* Last week Rays’ All Star pitcher Chris Archer tossed a one-hit masterpiece against the Houston Astros. And it was a COMPLETE GAME. It was the first such–for the team–this season. They’ve become nearly as rare as no-hitters.
And it got me to recalling an interview with Robin Roberts, the Hall of Fame, former Phillies pitcher–and USF baseball coach (1977-85). His heyday was the 1950s. In his career, Roberts started 609 games–and finished 305 of them. No, that’s not a typo. He once had 28 CGs in a row. One time he threw all 17 innings of an extra-inning game against the St. Louis Cardinals.
That was then–and this is not. Not even close.

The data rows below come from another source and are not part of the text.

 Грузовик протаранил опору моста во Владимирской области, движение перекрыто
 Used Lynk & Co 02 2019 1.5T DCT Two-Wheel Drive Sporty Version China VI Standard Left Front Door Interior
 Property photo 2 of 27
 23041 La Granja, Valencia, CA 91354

* Time was when USF, a member of the Big East Conference, was in the catbird seat when it came to its relationship with UCF. It was USF’s call whether to continue the relationship. Unfortunately, it chose to discontinue it. The rationale: Why bother keeping UCF, then a member of the relatively nondescript Conference USA, on the schedule? Nothing to gain by winning and it always hurts to lose to a lesser opponent. That USF-UCF would be a real geographic rivalry game and gin up campus interest and crowd turnout wasn’t, alas, incentive enough.

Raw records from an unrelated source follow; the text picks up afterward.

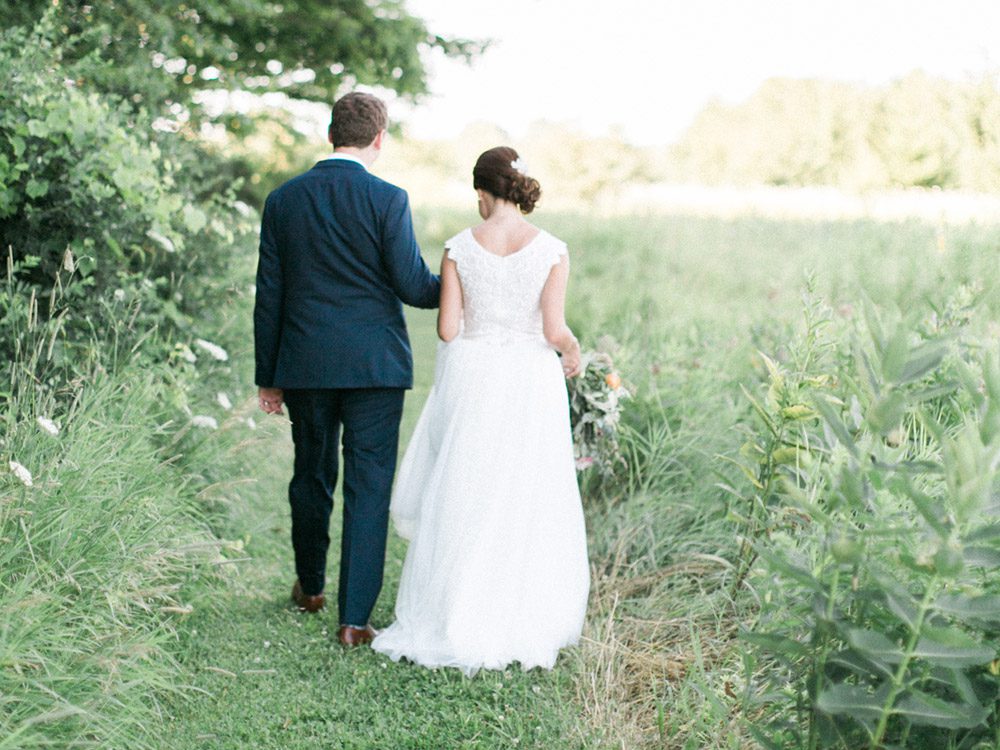 Door county wedding photographers, carly mccray photography, lake geneva wedding photographers, madison wedding photographers, romanic outdoor wedding, film wedding photographers, wisconsin wedding photographers, fine art wisconsin wedding photographers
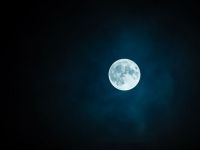 China vrea să lanseze o lună artificială pentru iluminatul stradal. De ce se tem americanii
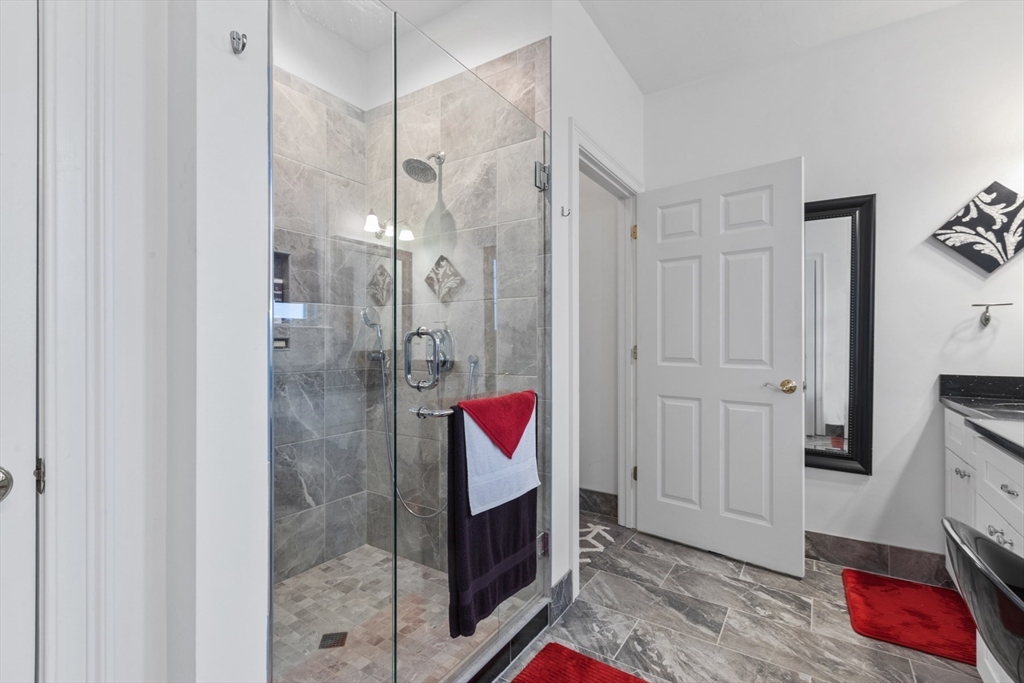 Westford, Massachusetts, 01886, United States, 3 Bedrooms Bedrooms, ,4 BathroomsBathrooms,Residential,For Sale,1923619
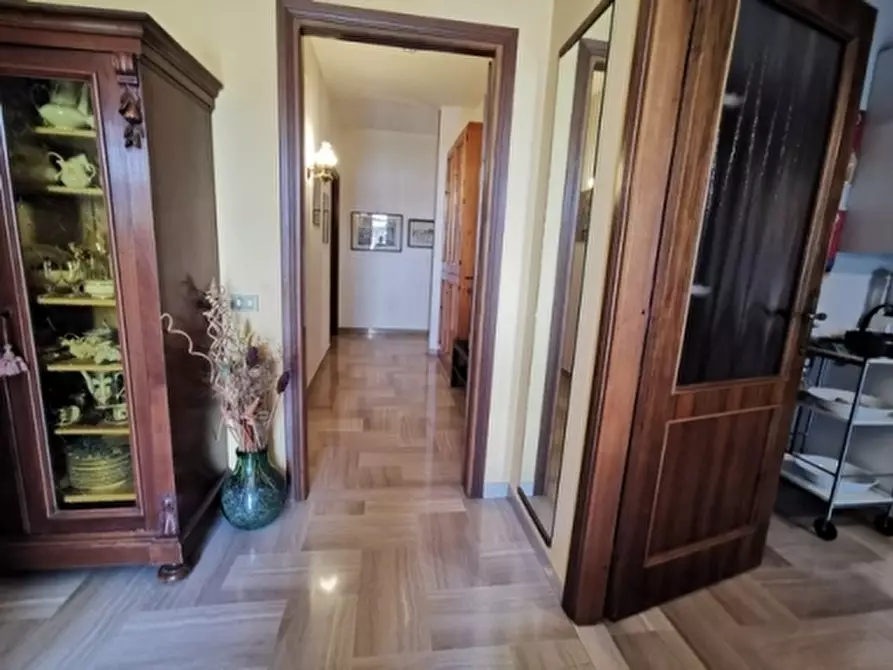 Immagine 50 di Villa in vendita  a Giove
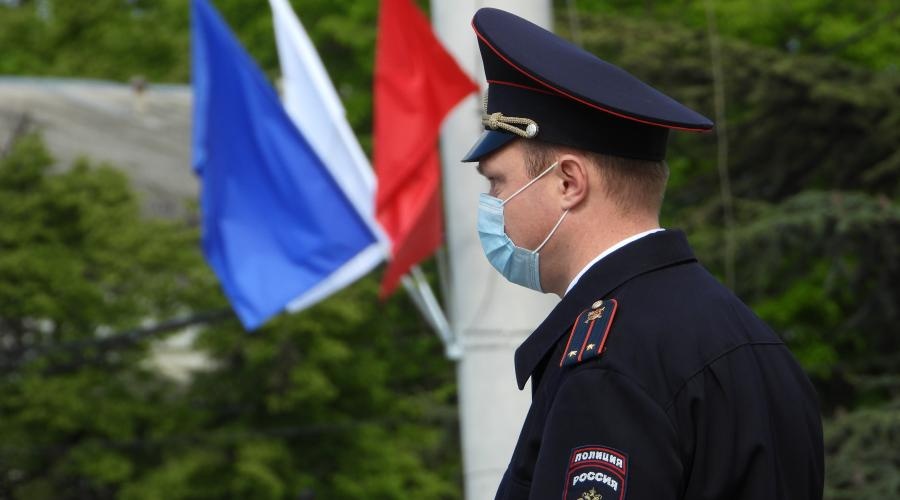 Полицейские в Крыму не штрафовали нарушителей самоизоляции в День Победы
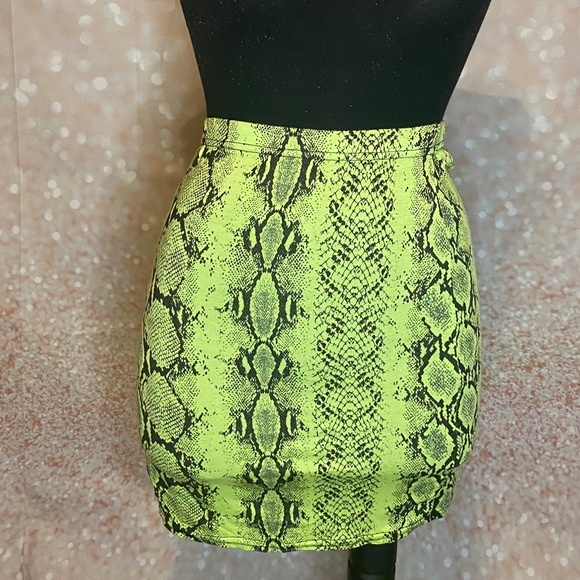 PrettyLittleThing Dresses & Skirts - PrettyLittleThing Snake Print Mini Skirt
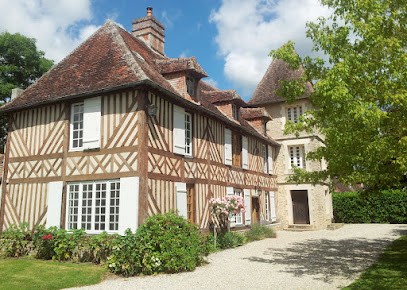 Manoir des Ullis, Hôtel aux Authieux-Papion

Now, in the ever-morphing era of conference-hopping, both USF and UCF are in the American Athletic Conference. As a result, they HAVE to play each other. And UCF, which has ratcheted in national reputation, has now won two in a row over USF. The Knights are now the big kid on the I-4 corridor block, while USF hasn’t had a winning season since 2010.
But this season the two will meet–at UCF’s on-campus, Bright House Networks Stadium in Orlando–on Thanksgiving night in a nationally telecast ESPN game. To ESPN, UCF was the bigger “get.” And UCF, especially head coach George O’Leary, is on board to keep it on Thanksgiving night against USF and build it into a major rivalry game getting national exposure.
However it happened, it’s a win-win rivalry game that USF ironically now needs even more than UCF.
* Speaking of USF–and natural rivals–the Bulls’ soccer team beat the University of Tampa, 2-1, last week to reclaim the Rowdies Cup. Too bad–and we know the dropping-down-to-Division II arguments–that USF and UT don’t also square off regularly in baseball and basketball.
* We all know how formidable the Southeastern Conference is in football. Top-to-bottom, nobody’s better. But this just in: No conference is more notorious than the SEC when it comes to football player arrests. According to arrestnation.com, more than half of the Top Ten are from the SEC; Florida (2), Georgia (3), Texas A&M (4), Missouri (6), Mississippi (6) and Tennessee (10). For the record, FSU tied Tennessee for 10th. No. 1 was Washington State.